Infiltrator.jl lets you drop into an interactive REPL at any point in the code, even entering functions from external packages. This is especially useful for coupled simulations where the call stack spans multiple packages.

Note

Infiltrator.jl must be installed in your default julia environment, not in the experiment project. Julia loads it from the default environment automatically.
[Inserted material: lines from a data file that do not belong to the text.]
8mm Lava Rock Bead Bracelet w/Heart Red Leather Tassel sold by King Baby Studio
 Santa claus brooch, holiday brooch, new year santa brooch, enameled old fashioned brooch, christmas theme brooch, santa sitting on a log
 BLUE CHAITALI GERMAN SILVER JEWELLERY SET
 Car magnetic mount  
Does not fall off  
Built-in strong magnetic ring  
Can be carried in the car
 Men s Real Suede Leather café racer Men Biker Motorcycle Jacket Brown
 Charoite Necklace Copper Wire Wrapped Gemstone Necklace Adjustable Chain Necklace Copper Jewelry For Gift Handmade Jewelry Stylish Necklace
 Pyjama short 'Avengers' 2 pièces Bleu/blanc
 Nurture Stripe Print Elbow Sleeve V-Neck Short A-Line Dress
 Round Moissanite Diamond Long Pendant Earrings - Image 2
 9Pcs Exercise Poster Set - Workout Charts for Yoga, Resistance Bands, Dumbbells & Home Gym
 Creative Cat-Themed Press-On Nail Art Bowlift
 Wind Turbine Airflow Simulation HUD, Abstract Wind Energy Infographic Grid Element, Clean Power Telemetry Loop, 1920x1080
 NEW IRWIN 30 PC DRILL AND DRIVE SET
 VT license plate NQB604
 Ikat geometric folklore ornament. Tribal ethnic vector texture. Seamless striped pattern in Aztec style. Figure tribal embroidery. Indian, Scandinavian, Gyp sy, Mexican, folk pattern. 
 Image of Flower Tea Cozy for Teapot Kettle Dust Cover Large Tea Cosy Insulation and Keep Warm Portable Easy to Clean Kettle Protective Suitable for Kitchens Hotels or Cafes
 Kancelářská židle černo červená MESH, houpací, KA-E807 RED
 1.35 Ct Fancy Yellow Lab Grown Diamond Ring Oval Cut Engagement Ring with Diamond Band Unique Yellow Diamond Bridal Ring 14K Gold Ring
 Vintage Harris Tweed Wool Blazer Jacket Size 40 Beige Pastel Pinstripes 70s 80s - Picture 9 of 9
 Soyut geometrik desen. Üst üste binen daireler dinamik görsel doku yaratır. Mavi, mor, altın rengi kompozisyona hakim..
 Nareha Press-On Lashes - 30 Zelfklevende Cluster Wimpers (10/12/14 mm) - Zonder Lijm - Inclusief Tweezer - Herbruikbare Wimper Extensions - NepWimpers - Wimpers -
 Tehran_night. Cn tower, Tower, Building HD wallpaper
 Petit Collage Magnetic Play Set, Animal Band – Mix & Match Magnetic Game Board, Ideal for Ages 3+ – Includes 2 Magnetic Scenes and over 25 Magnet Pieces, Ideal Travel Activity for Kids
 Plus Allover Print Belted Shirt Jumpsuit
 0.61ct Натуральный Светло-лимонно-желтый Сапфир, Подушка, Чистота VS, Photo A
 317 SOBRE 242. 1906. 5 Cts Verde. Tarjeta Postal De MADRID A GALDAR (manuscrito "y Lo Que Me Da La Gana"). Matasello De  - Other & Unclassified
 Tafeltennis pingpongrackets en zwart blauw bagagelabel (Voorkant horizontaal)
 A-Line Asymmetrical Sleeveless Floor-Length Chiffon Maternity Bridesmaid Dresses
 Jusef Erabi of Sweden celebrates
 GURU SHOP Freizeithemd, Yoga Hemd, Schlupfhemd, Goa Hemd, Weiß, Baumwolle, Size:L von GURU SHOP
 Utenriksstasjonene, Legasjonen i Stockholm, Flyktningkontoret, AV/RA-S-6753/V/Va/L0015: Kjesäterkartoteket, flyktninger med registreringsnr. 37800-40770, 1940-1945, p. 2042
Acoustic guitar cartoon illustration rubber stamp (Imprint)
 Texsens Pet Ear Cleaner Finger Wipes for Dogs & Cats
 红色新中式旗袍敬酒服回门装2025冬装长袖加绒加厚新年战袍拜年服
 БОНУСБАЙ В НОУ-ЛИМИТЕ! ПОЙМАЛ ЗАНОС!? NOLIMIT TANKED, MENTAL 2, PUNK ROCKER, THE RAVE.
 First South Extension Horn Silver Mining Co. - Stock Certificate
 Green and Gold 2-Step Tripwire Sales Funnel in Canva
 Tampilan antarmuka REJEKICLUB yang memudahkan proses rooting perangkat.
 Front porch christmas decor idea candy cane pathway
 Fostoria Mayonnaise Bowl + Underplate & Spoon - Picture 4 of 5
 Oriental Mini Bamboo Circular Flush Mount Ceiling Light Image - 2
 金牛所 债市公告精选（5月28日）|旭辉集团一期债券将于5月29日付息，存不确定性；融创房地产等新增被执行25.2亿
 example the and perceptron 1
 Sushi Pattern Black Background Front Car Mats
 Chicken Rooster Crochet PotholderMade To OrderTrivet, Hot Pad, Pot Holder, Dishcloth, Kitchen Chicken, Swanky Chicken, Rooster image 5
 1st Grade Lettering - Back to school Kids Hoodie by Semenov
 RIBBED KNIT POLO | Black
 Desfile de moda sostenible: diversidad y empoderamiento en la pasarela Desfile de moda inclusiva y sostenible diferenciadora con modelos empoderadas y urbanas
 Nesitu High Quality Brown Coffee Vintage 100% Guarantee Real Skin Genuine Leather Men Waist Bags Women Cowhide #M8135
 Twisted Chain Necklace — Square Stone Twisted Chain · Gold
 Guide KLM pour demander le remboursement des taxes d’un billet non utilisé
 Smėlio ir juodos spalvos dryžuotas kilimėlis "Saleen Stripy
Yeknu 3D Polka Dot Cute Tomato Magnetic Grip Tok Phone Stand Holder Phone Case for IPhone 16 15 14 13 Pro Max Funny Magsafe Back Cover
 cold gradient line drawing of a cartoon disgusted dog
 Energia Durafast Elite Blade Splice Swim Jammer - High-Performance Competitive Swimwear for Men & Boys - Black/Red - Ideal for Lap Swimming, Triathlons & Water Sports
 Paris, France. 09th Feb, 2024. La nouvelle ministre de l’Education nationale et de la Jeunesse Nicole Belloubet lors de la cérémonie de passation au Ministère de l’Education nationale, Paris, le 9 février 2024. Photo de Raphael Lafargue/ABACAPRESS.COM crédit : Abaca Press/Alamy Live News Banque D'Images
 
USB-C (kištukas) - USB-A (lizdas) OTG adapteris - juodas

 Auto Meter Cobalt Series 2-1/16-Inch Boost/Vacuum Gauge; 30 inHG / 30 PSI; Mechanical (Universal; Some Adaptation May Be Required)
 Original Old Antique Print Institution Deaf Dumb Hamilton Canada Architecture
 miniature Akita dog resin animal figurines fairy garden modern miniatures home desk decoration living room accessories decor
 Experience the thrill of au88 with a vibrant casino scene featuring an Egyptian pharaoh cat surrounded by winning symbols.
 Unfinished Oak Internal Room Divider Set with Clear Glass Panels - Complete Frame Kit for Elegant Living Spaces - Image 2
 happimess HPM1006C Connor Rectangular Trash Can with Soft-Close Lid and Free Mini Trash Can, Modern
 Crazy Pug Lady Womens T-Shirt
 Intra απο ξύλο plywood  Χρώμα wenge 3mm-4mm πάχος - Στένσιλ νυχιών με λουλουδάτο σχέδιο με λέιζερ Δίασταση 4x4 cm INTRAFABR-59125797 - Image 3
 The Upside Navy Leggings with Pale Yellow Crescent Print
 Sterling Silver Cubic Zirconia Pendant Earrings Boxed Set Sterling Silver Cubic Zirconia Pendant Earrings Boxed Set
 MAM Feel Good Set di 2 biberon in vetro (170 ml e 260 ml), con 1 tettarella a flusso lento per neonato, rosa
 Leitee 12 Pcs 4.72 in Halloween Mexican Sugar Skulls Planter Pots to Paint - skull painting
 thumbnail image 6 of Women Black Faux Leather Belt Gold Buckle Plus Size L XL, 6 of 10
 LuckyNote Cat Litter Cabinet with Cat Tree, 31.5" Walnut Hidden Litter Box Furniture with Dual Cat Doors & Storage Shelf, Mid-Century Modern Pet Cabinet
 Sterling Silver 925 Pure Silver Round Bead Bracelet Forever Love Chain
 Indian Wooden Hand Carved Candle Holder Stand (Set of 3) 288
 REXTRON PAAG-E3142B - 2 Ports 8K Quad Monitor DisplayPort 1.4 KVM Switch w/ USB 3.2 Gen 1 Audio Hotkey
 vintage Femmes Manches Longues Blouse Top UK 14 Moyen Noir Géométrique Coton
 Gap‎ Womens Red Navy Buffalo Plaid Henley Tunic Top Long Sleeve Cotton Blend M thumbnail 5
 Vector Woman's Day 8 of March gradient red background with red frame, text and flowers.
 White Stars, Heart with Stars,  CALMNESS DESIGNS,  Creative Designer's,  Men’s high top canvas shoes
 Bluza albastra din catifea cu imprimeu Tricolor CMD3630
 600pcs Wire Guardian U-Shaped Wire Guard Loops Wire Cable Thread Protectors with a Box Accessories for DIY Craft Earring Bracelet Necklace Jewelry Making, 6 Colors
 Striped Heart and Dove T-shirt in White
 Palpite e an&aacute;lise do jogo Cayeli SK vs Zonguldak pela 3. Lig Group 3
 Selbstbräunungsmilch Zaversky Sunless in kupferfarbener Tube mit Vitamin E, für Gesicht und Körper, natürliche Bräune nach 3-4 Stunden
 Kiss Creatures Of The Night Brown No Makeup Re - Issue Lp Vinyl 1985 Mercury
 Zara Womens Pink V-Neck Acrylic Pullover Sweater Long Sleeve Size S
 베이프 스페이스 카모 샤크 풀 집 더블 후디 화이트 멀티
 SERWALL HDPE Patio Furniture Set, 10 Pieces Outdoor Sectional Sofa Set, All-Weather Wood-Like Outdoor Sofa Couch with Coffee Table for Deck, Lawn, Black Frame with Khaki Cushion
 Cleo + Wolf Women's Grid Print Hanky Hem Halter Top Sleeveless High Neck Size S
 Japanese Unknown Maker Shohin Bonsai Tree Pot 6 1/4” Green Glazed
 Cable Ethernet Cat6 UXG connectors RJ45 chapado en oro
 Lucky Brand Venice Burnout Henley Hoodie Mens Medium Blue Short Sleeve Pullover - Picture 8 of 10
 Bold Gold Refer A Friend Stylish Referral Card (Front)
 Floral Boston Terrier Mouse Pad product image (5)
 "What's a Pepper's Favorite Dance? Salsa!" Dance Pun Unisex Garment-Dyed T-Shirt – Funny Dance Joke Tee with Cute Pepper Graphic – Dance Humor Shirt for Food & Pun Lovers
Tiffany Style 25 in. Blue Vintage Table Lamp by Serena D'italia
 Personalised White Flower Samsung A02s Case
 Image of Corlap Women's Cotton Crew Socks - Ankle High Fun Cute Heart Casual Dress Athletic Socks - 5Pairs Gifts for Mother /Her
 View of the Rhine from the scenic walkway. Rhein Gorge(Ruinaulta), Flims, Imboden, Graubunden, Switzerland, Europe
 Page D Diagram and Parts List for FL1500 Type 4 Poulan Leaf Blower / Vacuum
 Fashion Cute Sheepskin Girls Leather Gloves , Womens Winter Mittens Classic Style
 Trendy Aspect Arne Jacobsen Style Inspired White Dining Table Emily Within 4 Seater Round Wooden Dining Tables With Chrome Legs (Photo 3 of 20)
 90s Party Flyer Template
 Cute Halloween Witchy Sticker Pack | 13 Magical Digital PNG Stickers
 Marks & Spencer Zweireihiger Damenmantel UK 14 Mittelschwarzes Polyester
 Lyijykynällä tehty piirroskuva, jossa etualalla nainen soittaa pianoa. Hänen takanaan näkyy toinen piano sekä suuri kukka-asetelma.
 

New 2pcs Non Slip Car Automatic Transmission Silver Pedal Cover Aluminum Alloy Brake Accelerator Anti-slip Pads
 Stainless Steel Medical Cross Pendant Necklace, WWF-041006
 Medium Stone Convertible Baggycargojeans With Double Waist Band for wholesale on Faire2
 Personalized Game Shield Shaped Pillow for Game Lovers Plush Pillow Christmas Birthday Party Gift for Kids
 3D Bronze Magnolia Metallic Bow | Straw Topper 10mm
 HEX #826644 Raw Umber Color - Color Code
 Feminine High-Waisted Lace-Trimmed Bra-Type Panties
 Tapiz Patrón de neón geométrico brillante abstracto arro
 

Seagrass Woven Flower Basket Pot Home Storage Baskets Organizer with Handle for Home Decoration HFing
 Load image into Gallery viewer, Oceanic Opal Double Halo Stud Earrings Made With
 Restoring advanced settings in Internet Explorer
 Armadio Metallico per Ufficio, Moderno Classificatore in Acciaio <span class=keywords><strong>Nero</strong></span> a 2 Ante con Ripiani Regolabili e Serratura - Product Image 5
Pausing inside the coupling loop

Place @infiltrate at the point you want to inspect. For example, to pause after every coupling step:

import Infiltrator

# After loading and constructing the CoupledSimulation `cs`:
for i in 1:n_steps
    step!(cs)
    Infiltrator.@infiltrate  # drops you into a REPL here
end

Inside the Infiltrator REPL you have access to all local variables (cs, i, etc.) and can run any Julia code:

infil> extrema(cs.fields.T_sfc)
(215.3, 318.7)
infil> cs.t[]
1200

Type @continue to resume execution, or @exit to abort.

From the Infiltrator REPL, use @trace to see the full call stack, which helps identify which caller led to unexpected state.

Conditional infiltration

If the crash happens at a specific timestep, use a condition to avoid stopping at every iteration:

for i in 1:n_steps
    step!(cs)
    Infiltrator.@infiltrate i == 42  # only pause at step 42
end

You can also trigger on a data condition, such as the first appearance of NaN:

for i in 1:n_steps
    step!(cs)
    Infiltrator.@infiltrate any(isnan, parent(cs.fields.T_sfc))
end

Exfiltrating variables to the main REPL

Sometimes it's easier to pull variables out of a deep scope for post-hoc analysis rather than debugging inline. Use @exfiltrate to copy local variables into Infiltrator.safehouse, which persists after you @continue:

import Infiltrator

for i in 1:n_steps
    step!(cs)
    if any(isnan, parent(cs.fields.T_sfc))
        Infiltrator.@exfiltrate
        break
    end
end

# Back in the main REPL:
(; cs, i) = Infiltrator.safehouse
extrema(cs.fields.F_turb_moisture)

For more details about using Infiltrator with ClimaCore objects, including using with ClimaCore's DebugOnly callback system for catching NaNs inside low-level field operations, see the ClimaCore debugging guide.

For more general information, see the Infiltrator.jl docs.